Eine Regel besagt, daß es einfacher ist, auf einem Mundstück mit großer Kammer und medium baffle
mit mehr edge als umgekehrt auf einem engen Mundstück mit hoher baffle mit großem Ton zu spielen.
Die Tongröße kann man direkt am Mundstückdesign erkennen, große Kammer ergibt einen großen Ton, enge Kammer ergibt einen dünnen Ton. Ein Ton, der über ein enges Mundstück ins Saxophon gelangt, wird dieses nicht im vollen Tonumfang zum resonieren bringen. Es ist ähnlich, wie wenn man eine
Glocke statt mit einem Schlägel mit einer Autoantenne zum Schwingen bringen will.

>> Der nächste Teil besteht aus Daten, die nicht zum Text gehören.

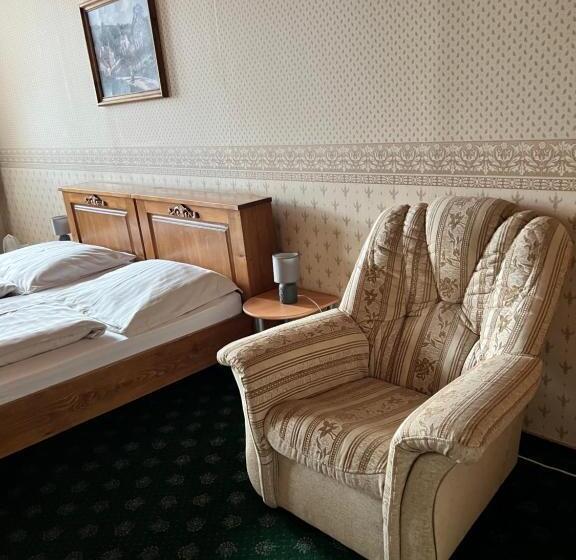 غرفة قياسية مطلة على المدينة, Maxim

Des weiteren sollte man sich klarmachen, daß der Ton aus dem Instrument vom Spieler kommt, wobei das Instrument eine Art Kanal zischen dem Spieler und dem Zuhörer bildet. Der Spieler lernt die
Tonbildung mit Holzblasinstrumenten in erster Linie durch das Studium und Praktizieren von
'long tones'. Das bedeutet der Spieler betritt ein "Tonlabor", in welchem er stunden- ja jahrelang
seinen Ton bzw sound übt und verfeinert. Ich erinnere mich an die Berichte über Spieler, die ich bewunderte, die sich tief und umfassend mit der Ausbildung ihres Tones in 'long tone' Übungen befasst haben wie zB Charlie Parker und John Coltrane. Diese beiden Genies verbrachten ungeheuer viel Zeit im Übungsraum (woodshed heißt eigentlich Holzschuppen) mit der Entwicklung des Tons durch long-tone Übungen. Im Falle von Trane war es nicht nur so, daß sein Ton "hip" war. Der Ton ging über das hinaus so als ob der Ton selbst eine Botschaft enthielt. Die Tonbildung läßt sich vergleichen mit der Arbeit eines Juweliers wenn er einen Edelstein bearbeitet. Der Ton eines Spielers ist es schließlich, was der Hörer als Identität des Spielers registriert. So wie jeder unbehandelte Juwel Schleifarbeit benötigt, um seine Schönheit und Einmaligkeit herauszuarbeiten, so ist der entwickelte Ton das Endprodukt einer jahrelangen Arbeit am Ton und es gibt viele legendäre Spieler, die man an der Einmaligkeit ihres entwickelten Tons erkennt und die unvergeßlich bleiben.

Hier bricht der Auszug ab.